İstanbul'da Tekstil Çarşısı'nda çalışan bir kadın işçi, işyerindeki ağır çalışma koşullarını ve bu nedenle karşı karşıya oldukları hastalıkları Evrensel'e yazdı. Tekstil işçisi, "Yediğimiz yemeklerde kullanılan kötü yağlardan dolayı ülser ve gastrit gibi mide bağırsak hastalıklarına yakalanıyoruz," derken, koşulların ancak mücadele ile değişebileceğine vurgu yaptı:

Ben Ümraniye- Ihlamurkuyu bölgesinde bulunan İstanbul Tekstil Çarşısı’nda çalışan bir kadın işçiyim. Bundan on yıl önce tekstil çarşısında 5-6 bin işçi çalışıyordu. Yıllar geçtikçe teknoloji ile daha modern makineler piyasaya sürüldükçe işçi sayısında düşüşler oldu. Ayrıca tekstil piyasasını elinde bulunduran büyük patronlar fason üretim hariç, tüm ürünlerini daha büyük entegre fabrikalarda üretmeye başladılar. Buna rağmen Ümraniye-Tepeüstü bölgesinden Çekmeköy-Kemerdere-Madenler, Sarıgazi bölgelerini kapsayan ve binlerce işçinin çalıştığı merdiven altı tekstil atölyeleri var. Yine Emek Mahallesi’nde Rota, Ünsa  gibi büyük tekstil atölye ve fabrikalarında çalışan yüzlerce işçi var.
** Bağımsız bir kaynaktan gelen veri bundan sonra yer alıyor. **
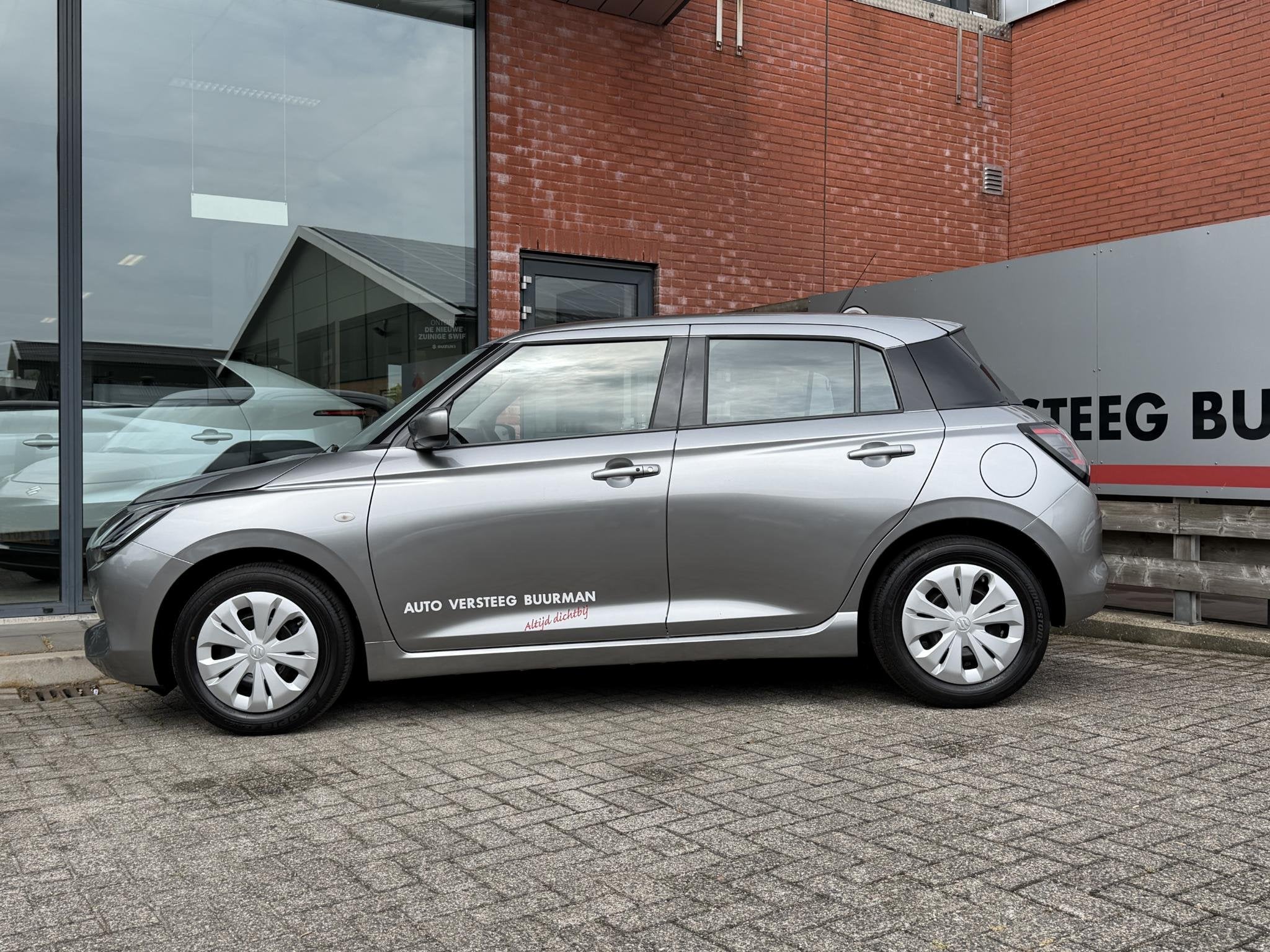 Suzuki Swift 1.2 Comfort Smart Hybrid DEMO DEAL, Achteruitri, Auto's, Suzuki, 12 maanden, Stof, Euro 6, Origineel Nederlands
Benim çalıştığım işyeri başta olmak üzere tüm işyerleri örgütsüzdür. Sigorta primlerimiz yarım yamalak yatırılıyor. Çok ağır çalışma koşullarına tabi tutuluyoruz. Yıllık izinlerimizi kullanamıyoruz, kullanan arkadaşlarımız da ancak 15 gün izin kullanabiliyor. Zorunlu mesailerimiz bordrolarımıza işlemiyor. Yemeklerimiz çok kalitesiz, servis hakkımız zamanla ortadan kaldırıldı. Yol paraları bizim cebimizden çıkıyor. En yüksek ücret alan arkadaşımızın net ücreti 1200-1500 lira arasında. Buna fazla mesai ücretleri de dahil. İşyerinde en ufak bir itirazımızın karşılığı işten atılmadır. Görülmemiş bir ücret adaletsizliği var. Ortacılar, overlokçular, ütücüler, kalite kontrolcüler, modelistler, bölüm şefleri olmak üzere ayrı birer ücret sınıflandırılması uygulanıyor.
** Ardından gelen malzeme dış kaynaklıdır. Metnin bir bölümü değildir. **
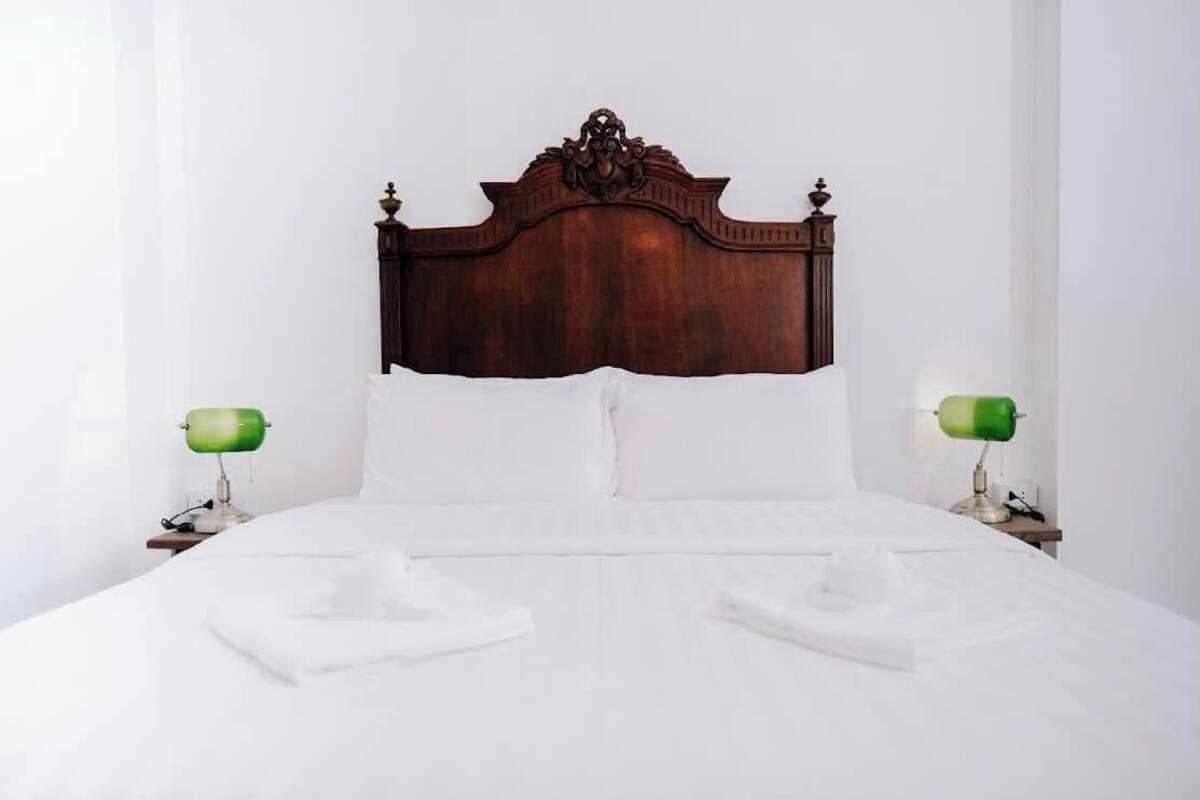 A neatly made bed with a wooden headboard, two bedside tables with lamps, and a white wall.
Patronla cebelleşeceğimize biz işçi arkadaşlarımızla cebelleşiyoruz, kavgalar yapıyoruz. Patronda bu yolla ağır sömürüsünü gizleyebiliyor. Yoğun iş temposunda bazen insanlıktan çıkıyoruz, dış dünyayla, ailemizle bağlarımız kesiliyor. Çeyiz parası, harçlık için, evlenebilmek için çalışan arkadaşlarımızın büyük çoğunluğu anti depresan ilaçlar kullanıyor. Yediğimiz yemeklerde kullanılan kötü yağlardan dolayı ülser ve gastrit gibi mide bağırsak hastalıklarına yakalanıyoruz.
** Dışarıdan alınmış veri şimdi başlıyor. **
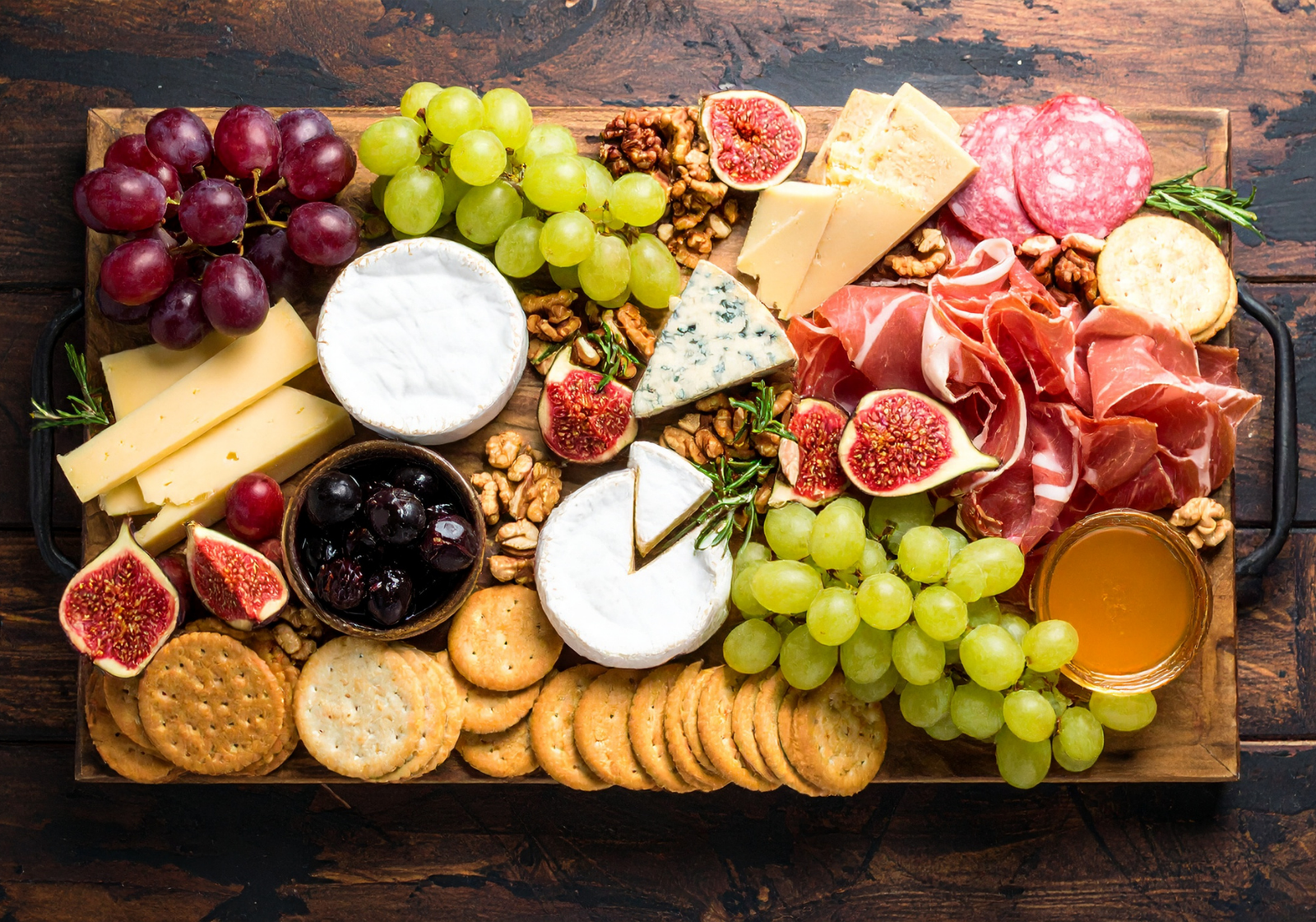 Gourmet gift basket ideas: assorted cheeses, cured meats, figs, walnuts, crackers, and honey.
Kendimize ait bir sosyal hayatımız yok, evli olan arkadaşlarımızın çoğu boşanmanın eşiğinde. Çocuğu olan benim gibi kadın arkadaşlar büyük güçlükler çekiyor. Ne bir kreş var, ne çocuklarımızı güvenle bırakacağımız ortak bir sosyal tesis. 1990’lı yıllarda yaşanan örgütlenme ve hak alma eylemlerinin dışında yıllardır bir örgütlenme çalışması yok. Tekstil iş kolunda tek bir sendikanın girişimi olmadı. Örgütlenme girişiminde bulunan yine bizleriz. Bize sahip çıkan yok. İşçilerin ezici çoğunluğu benim gibi Kürt kökenli işçidir. Ben ve arkadaşlarımız tekstil iş kolunda bir kurultay toplama çalışması başlatmış durumdayız. Bölgede çalışan inşaat işçileriyle dayanışma ve düşünce alışverişi içindeyiz. Koşullarımız ancak mücadeleyle değişebilir. Aksini düşünmek, örgütlenme gibi bir derdi olmayan sendikalardan bir beklenti içinde olmak kendimizi kandırmaktır. Artık yeter. Nerde inceyse orda kopsun diyoruz.